System.Configuration.ConfigurationErrorsException saving config file after encrypting with RsaProtectedConfigurationProvider



Hi,

One of my users is getting a
System.Configuration.ConfigurationErrorsException when my Windows
Forms application tries to encrypt and save the application config
file, but it only happens for him and no other users!? I don't really
know anything about the security classes so don't have any idea where
to start looking.

He gets the exception when running the application on other users'
machines for whom it works fine, and other users are able to log in on
his machine and use the application. So I'm guessing it's something
to do with his profile but I have no idea where to look.

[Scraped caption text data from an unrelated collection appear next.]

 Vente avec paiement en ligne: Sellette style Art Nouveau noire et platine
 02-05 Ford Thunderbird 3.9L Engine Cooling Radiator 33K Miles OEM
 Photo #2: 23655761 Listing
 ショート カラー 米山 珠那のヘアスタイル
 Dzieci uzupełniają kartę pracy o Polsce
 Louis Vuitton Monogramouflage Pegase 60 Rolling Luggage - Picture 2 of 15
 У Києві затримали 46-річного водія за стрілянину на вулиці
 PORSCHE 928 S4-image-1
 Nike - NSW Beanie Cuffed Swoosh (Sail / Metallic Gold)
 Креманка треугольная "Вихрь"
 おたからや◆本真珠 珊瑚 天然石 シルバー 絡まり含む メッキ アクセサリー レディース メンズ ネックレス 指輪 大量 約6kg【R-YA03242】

He and all
other users have the same .NET version; I installed it as part of the
application install and noone had previous .NET runtimes on their
machine.

In my live application I get a standard windows box saying the program
had a problem and had to be closed, do I want to send info to MS.
(That's despite having set a ThreadException handler which normally
logs and shows a message for all unhandled exceptions, which is
slightly odd in itself.)

I created a test app to determine where it's failing, and it crashes
in this method:

private void btnProtectConfiguration_Click(object sender,
EventArgs e)
{
string provider = "RsaProtectedConfigurationProvider";

Configuration config = null;
config =
ConfigurationManager.OpenExeConfiguration(ConfigurationUserLevel.None);

ConfigurationSection section = config.ConnectionStrings;

if ((section.SectionInformation.IsProtected == false) &&
(section.ElementInformation.IsLocked == false))
{
// Protect (encrypt) the "connectionStrings" section.
section.SectionInformation.ProtectSection(provider);

// Save the encrypted section.
section.SectionInformation.ForceSave = true;
config.Save(ConfigurationSaveMode.Full);
}
MessageBox.Show("ok");
}


The info in the standard .NET exception handler is at the bottom of
this post.

In my test app he is able to save the config file fine without
encryption, using this code:
private void btnSaveConfig_Click(object sender, EventArgs e)
{
// Same stuff as ProtectConfiguration, but without the
protection.
// Checks if we can open and save the config file.
Configuration config = null;
config =
ConfigurationManager.OpenExeConfiguration(ConfigurationUserLevel.None);
ConfigurationSection section = config.ConnectionStrings;
section.SectionInformation.ForceSave = true;
config.Save(ConfigurationSaveMode.Full);
MessageBox.Show("ok");
}

He's also able to do RSA encryption and decryption using the
RSACryptoServiceProvider class; I included in my test app the sample
code here:
http://msdn2.microsoft.com/en-us/library/system.security.cryptography.rsacryptoserviceprovider(VS.80).aspx

If anyone can suggest why this exception could be occurring and why
it's attached to just this user I'd greatly appreciate it!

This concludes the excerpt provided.